The goal of this project is to build a new model of muscle contraction called the Active Spring Muscle Model (ASMM) and to verify the model in human gait mechanics.
Notwithstanding the success of “sliding filament” model of actin and myosin filaments over 60 years in elucidating the mechanism of muscle contraction, the model still suffers from many problems in predicting muscle’s real mechanical behaviour, especially when the force, length, and velocity are changing dynamically. To overcome these limitations, the ASMM includes “titin”, a giant protein that spans the whole half sarcomere from M-line to Z-disk, as an extra spring-like mechanical component added to the existing sliding filament model. The model hypothesizes that titin works as an active spring by changing its mechanical properties upon muscle activation. This novel hypothesis can potentially explain many unexplained observations in muscle mechanics.

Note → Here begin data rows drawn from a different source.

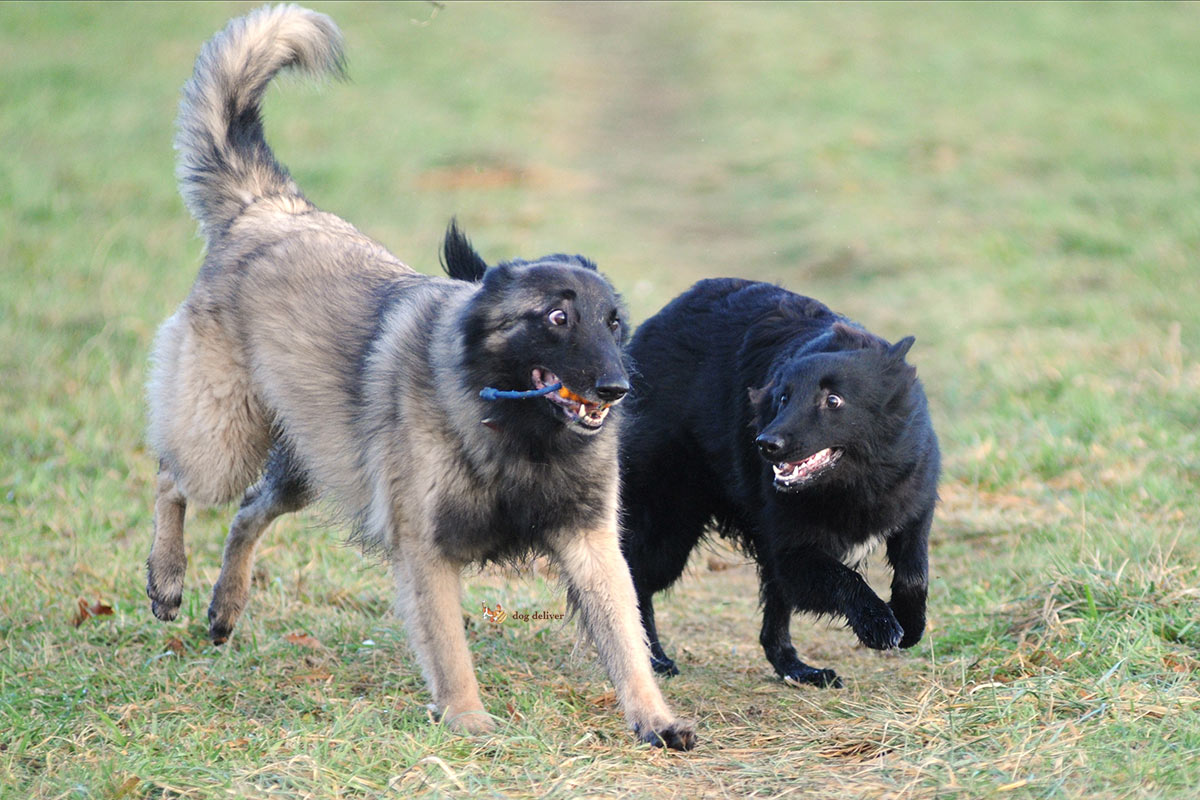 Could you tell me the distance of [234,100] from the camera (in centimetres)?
548

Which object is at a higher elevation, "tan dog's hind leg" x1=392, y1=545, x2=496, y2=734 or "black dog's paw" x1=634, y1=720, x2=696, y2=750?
"tan dog's hind leg" x1=392, y1=545, x2=496, y2=734

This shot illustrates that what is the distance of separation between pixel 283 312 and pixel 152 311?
4.71 metres

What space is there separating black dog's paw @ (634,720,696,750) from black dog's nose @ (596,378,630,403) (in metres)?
1.06

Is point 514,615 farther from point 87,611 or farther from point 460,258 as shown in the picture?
point 87,611

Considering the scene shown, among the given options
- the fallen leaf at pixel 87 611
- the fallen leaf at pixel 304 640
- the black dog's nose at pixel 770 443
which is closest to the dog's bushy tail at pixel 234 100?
the fallen leaf at pixel 87 611

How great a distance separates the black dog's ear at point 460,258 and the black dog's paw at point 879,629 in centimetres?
189

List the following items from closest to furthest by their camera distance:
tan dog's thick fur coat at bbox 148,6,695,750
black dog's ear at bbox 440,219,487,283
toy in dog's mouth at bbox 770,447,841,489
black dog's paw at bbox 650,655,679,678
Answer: tan dog's thick fur coat at bbox 148,6,695,750, toy in dog's mouth at bbox 770,447,841,489, black dog's ear at bbox 440,219,487,283, black dog's paw at bbox 650,655,679,678

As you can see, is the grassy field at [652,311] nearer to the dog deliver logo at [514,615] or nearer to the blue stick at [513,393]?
the dog deliver logo at [514,615]

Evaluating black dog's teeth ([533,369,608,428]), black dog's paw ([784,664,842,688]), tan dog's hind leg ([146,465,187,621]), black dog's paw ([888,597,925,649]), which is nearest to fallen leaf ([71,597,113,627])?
tan dog's hind leg ([146,465,187,621])

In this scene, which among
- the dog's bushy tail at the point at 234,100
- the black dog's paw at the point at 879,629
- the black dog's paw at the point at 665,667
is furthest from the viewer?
the dog's bushy tail at the point at 234,100

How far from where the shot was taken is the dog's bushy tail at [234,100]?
17.9 ft

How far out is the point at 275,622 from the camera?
5277 millimetres

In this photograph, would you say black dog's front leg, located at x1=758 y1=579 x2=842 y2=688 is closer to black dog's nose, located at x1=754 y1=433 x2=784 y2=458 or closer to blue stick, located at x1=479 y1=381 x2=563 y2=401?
black dog's nose, located at x1=754 y1=433 x2=784 y2=458

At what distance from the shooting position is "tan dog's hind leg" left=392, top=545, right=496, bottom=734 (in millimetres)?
4125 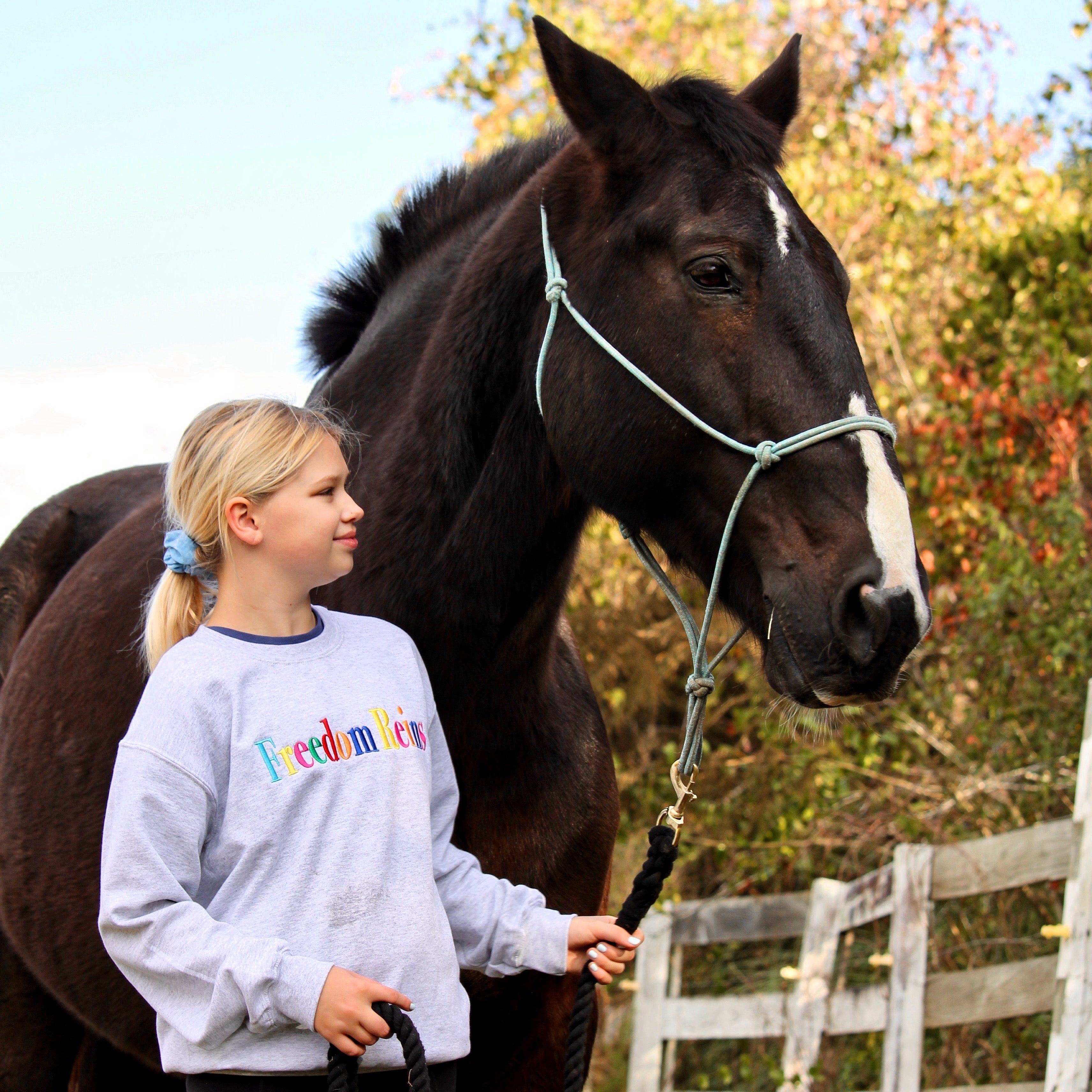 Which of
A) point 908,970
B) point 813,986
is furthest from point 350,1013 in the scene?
point 813,986

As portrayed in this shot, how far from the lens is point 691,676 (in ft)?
6.53

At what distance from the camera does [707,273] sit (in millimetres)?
2047

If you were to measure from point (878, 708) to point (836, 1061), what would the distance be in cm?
168

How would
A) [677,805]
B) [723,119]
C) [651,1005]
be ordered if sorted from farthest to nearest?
1. [651,1005]
2. [723,119]
3. [677,805]

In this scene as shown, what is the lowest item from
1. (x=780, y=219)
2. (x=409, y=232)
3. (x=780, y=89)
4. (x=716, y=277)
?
(x=716, y=277)

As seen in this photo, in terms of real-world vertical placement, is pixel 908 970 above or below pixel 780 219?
below

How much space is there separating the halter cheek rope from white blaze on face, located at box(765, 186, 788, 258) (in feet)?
1.01

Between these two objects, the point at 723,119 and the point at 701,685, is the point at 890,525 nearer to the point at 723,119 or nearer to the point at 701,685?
the point at 701,685

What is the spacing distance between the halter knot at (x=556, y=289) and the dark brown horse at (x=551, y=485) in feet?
0.07

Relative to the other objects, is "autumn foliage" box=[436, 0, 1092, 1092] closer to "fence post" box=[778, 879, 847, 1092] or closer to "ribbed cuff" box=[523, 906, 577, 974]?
"fence post" box=[778, 879, 847, 1092]

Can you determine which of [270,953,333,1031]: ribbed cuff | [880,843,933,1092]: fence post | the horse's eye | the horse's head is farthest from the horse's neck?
[880,843,933,1092]: fence post

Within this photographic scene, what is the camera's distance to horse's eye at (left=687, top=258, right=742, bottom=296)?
2.03m

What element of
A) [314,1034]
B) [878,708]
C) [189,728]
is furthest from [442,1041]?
[878,708]

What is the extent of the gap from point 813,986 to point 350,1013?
4219 millimetres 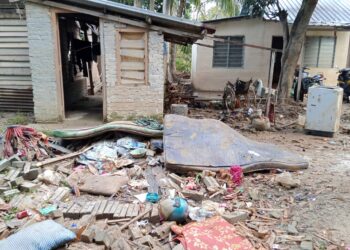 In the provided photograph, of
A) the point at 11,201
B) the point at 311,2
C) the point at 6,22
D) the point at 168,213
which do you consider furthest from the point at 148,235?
the point at 311,2

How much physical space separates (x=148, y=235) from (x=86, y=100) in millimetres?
9422

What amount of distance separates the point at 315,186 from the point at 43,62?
23.0ft

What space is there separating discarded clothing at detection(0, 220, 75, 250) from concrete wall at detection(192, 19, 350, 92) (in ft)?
41.8

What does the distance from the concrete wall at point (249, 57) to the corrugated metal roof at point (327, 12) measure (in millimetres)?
588

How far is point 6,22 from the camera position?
10125mm

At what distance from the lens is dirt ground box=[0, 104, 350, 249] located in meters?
4.16

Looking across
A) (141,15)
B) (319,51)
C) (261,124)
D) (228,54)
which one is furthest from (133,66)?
(319,51)

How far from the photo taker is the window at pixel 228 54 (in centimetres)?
1504

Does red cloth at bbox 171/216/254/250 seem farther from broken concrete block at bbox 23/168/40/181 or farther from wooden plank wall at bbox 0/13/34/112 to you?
wooden plank wall at bbox 0/13/34/112

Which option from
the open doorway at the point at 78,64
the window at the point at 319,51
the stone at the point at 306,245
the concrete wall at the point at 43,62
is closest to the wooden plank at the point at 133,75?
the open doorway at the point at 78,64

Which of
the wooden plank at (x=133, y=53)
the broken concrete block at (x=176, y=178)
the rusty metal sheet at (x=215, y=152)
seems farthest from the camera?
the wooden plank at (x=133, y=53)

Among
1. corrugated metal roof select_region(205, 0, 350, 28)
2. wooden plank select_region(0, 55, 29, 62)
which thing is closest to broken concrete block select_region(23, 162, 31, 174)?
wooden plank select_region(0, 55, 29, 62)

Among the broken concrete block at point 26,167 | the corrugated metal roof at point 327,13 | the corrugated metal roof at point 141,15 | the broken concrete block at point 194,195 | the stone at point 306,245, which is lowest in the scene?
the stone at point 306,245

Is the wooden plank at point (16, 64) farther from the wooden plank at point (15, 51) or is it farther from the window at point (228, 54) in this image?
the window at point (228, 54) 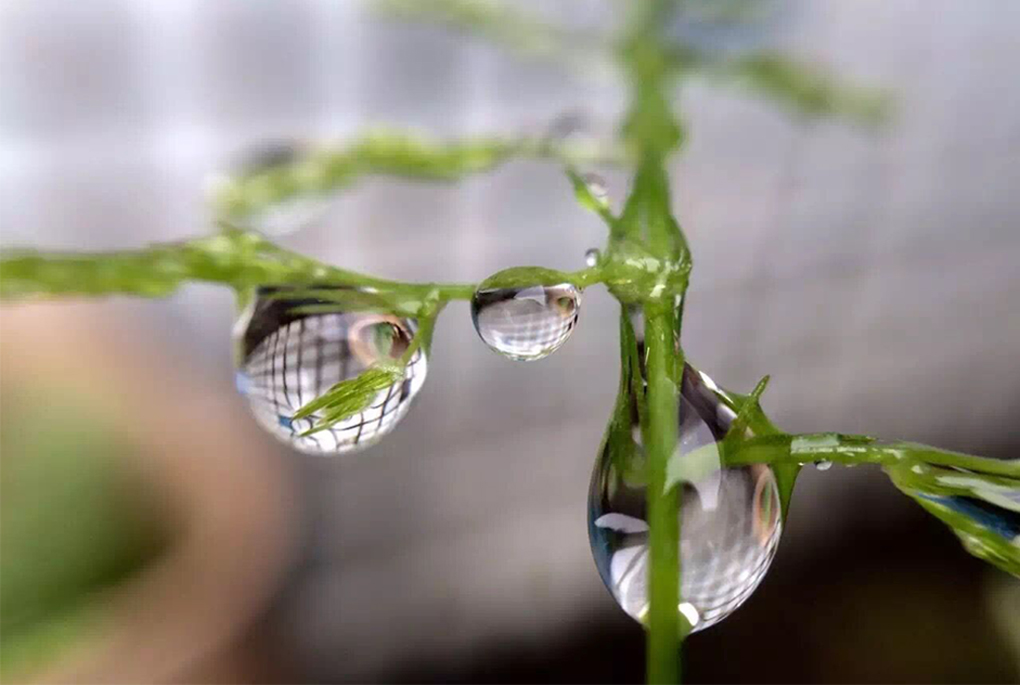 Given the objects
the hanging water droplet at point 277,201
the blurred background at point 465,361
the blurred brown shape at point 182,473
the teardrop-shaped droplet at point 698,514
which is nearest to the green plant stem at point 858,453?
the teardrop-shaped droplet at point 698,514

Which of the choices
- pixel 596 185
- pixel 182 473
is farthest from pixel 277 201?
pixel 182 473

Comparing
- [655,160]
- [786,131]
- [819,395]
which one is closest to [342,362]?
[655,160]

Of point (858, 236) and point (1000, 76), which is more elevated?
point (1000, 76)

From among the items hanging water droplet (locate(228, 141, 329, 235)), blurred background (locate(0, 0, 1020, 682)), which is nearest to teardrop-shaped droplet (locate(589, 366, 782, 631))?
hanging water droplet (locate(228, 141, 329, 235))

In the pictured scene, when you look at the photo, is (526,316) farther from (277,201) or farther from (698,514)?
(277,201)

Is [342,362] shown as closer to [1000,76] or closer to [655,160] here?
[655,160]

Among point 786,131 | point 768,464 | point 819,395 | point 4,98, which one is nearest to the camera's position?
point 768,464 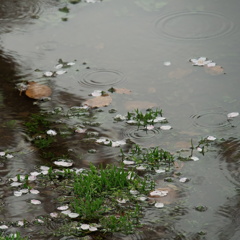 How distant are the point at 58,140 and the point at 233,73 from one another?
2.10 meters

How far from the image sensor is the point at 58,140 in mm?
4812

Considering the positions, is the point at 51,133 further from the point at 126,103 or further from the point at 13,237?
the point at 13,237

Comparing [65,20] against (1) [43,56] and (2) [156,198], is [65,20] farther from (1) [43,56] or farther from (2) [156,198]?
(2) [156,198]

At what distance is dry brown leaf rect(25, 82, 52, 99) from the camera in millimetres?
5594

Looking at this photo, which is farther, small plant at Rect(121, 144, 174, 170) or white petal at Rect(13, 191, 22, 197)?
small plant at Rect(121, 144, 174, 170)

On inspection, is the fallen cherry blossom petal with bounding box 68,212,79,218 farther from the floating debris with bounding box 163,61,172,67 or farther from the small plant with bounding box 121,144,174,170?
the floating debris with bounding box 163,61,172,67

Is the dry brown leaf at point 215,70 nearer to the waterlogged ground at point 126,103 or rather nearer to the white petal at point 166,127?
the waterlogged ground at point 126,103

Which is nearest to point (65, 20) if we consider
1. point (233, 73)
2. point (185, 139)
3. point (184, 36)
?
point (184, 36)

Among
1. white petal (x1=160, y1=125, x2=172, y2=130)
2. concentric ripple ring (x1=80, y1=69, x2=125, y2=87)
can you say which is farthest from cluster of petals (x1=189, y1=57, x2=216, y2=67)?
white petal (x1=160, y1=125, x2=172, y2=130)

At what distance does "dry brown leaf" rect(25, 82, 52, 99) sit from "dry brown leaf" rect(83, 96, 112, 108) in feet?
1.57

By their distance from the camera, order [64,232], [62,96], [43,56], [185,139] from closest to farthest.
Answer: [64,232] < [185,139] < [62,96] < [43,56]

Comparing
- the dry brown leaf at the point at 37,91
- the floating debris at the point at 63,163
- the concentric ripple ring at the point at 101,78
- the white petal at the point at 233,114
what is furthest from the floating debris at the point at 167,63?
the floating debris at the point at 63,163

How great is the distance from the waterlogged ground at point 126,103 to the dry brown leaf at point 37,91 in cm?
6

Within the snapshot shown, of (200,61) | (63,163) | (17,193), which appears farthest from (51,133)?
(200,61) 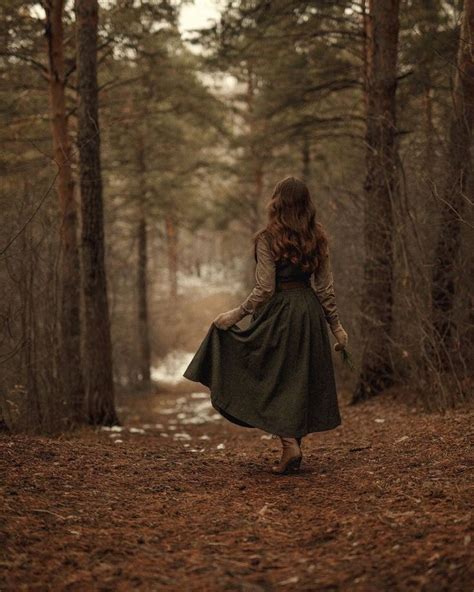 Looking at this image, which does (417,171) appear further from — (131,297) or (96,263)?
(131,297)

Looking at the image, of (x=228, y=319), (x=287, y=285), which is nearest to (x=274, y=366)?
(x=228, y=319)

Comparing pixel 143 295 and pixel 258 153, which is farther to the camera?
pixel 143 295

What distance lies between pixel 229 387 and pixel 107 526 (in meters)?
1.73

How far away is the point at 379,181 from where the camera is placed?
9117mm

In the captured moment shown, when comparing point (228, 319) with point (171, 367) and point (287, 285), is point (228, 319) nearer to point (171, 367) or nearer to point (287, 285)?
point (287, 285)

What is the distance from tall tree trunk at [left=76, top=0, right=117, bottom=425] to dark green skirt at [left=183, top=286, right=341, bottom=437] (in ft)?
14.8

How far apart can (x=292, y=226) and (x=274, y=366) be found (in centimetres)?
111

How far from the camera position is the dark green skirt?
5.03 meters

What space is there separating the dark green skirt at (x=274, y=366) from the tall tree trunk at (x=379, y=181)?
3789mm

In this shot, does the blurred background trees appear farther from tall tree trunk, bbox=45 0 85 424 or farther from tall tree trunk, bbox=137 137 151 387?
tall tree trunk, bbox=137 137 151 387

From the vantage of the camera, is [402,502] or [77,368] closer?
[402,502]

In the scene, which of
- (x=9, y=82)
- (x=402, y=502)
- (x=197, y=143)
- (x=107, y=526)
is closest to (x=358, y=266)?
(x=9, y=82)

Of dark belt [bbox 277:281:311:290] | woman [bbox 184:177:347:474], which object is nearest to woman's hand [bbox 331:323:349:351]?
woman [bbox 184:177:347:474]

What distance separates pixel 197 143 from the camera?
2102 cm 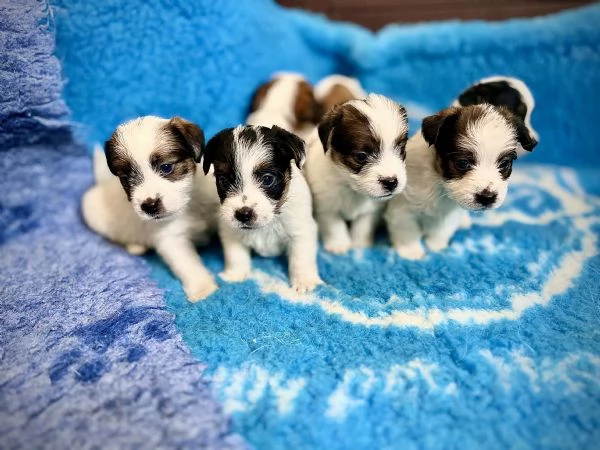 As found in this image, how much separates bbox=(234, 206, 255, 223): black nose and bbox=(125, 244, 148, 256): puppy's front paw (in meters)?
1.08

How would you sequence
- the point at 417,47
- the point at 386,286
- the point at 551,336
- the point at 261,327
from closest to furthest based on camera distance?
the point at 551,336 → the point at 261,327 → the point at 386,286 → the point at 417,47

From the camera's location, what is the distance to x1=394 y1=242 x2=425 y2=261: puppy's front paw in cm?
317

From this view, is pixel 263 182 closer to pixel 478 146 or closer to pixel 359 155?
pixel 359 155

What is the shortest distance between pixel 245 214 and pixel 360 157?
2.44 feet

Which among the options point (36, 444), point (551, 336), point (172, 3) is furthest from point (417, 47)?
point (36, 444)

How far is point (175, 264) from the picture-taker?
300 cm

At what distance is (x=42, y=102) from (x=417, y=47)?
2.99m

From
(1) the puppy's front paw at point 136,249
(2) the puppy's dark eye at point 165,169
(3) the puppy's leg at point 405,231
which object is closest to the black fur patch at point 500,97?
(3) the puppy's leg at point 405,231

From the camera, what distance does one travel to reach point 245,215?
2.52 metres

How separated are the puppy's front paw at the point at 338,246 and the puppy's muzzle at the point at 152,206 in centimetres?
120

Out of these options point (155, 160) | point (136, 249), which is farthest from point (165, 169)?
Answer: point (136, 249)

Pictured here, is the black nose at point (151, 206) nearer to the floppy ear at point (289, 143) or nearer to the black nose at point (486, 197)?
the floppy ear at point (289, 143)

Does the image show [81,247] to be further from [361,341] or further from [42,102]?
[361,341]

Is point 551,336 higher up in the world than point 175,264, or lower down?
higher up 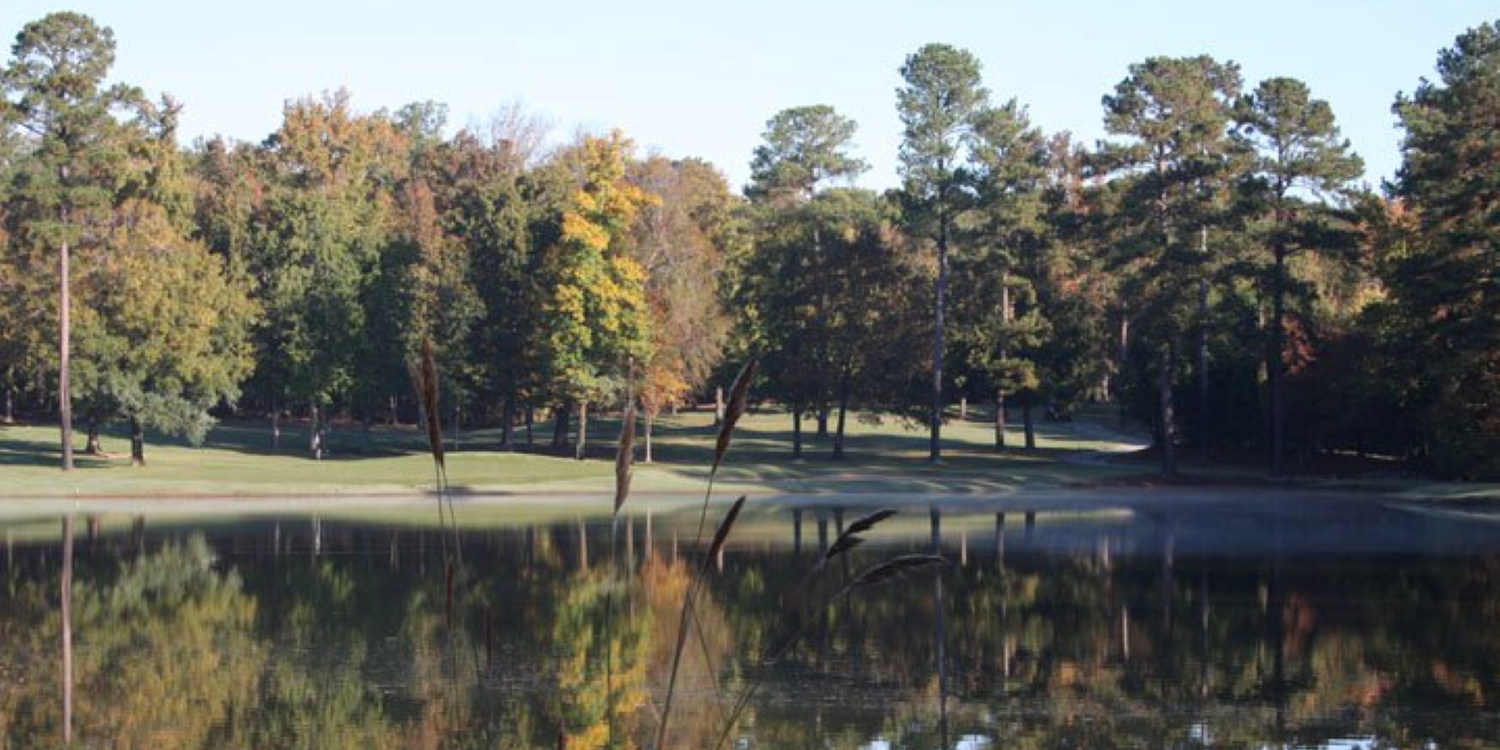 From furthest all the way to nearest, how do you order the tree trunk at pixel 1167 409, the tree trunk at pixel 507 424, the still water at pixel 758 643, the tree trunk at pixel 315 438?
the tree trunk at pixel 507 424, the tree trunk at pixel 315 438, the tree trunk at pixel 1167 409, the still water at pixel 758 643

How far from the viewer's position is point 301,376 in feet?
245

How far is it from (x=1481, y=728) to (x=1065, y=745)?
3.94m

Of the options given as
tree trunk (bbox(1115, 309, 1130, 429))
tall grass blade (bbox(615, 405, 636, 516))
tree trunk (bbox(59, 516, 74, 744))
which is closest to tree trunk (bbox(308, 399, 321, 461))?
tree trunk (bbox(1115, 309, 1130, 429))

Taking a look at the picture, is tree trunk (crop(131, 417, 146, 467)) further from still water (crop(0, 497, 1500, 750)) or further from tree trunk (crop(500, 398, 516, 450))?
still water (crop(0, 497, 1500, 750))

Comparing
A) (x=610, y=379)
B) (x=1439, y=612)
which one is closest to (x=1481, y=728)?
(x=1439, y=612)

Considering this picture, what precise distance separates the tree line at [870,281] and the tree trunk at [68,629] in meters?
25.3

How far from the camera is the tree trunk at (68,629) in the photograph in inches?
671

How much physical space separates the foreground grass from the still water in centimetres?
1957

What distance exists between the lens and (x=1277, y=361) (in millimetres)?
62281

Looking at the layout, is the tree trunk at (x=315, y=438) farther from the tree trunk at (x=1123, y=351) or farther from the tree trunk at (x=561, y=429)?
the tree trunk at (x=1123, y=351)

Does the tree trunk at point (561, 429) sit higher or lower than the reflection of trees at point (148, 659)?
higher

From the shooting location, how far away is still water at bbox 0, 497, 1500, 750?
54.6ft

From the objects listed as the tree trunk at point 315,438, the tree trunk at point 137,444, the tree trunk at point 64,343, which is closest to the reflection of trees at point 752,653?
the tree trunk at point 64,343

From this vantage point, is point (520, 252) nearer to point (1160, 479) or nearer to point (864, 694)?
point (1160, 479)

To this end, we will focus on mechanical behaviours of lower limb muscles during human locomotion, and see if our new model can provide a viable explanation to the observed mechanics of lower-limb muscles. To assess in-vivo muscle function we will combine state-of-the-art measurement techniques including optimal motion capture, dynamometry (Biodex), electromyography, and ultrasound sonography to measure the time-course of gait mechanics.
Techniques that will be undertaken during the project:
We are looking for motivated people to participate in the development of the experimental protocol, data collection, and numerical modelling/analysis. using OpenSIM and MATLAB. The ideal candidate will have a background in biomechanics and physiology with some experience in human experiment and will be intimately familiar with running numerical analyses using MATLAB.
Eligibility requirements: An Undergraduate Honours degree with a minimum classification of a 2.1 science BSc or a MSc or equivalent and a life science, clinical, or engineering background. English Language qualification for international students.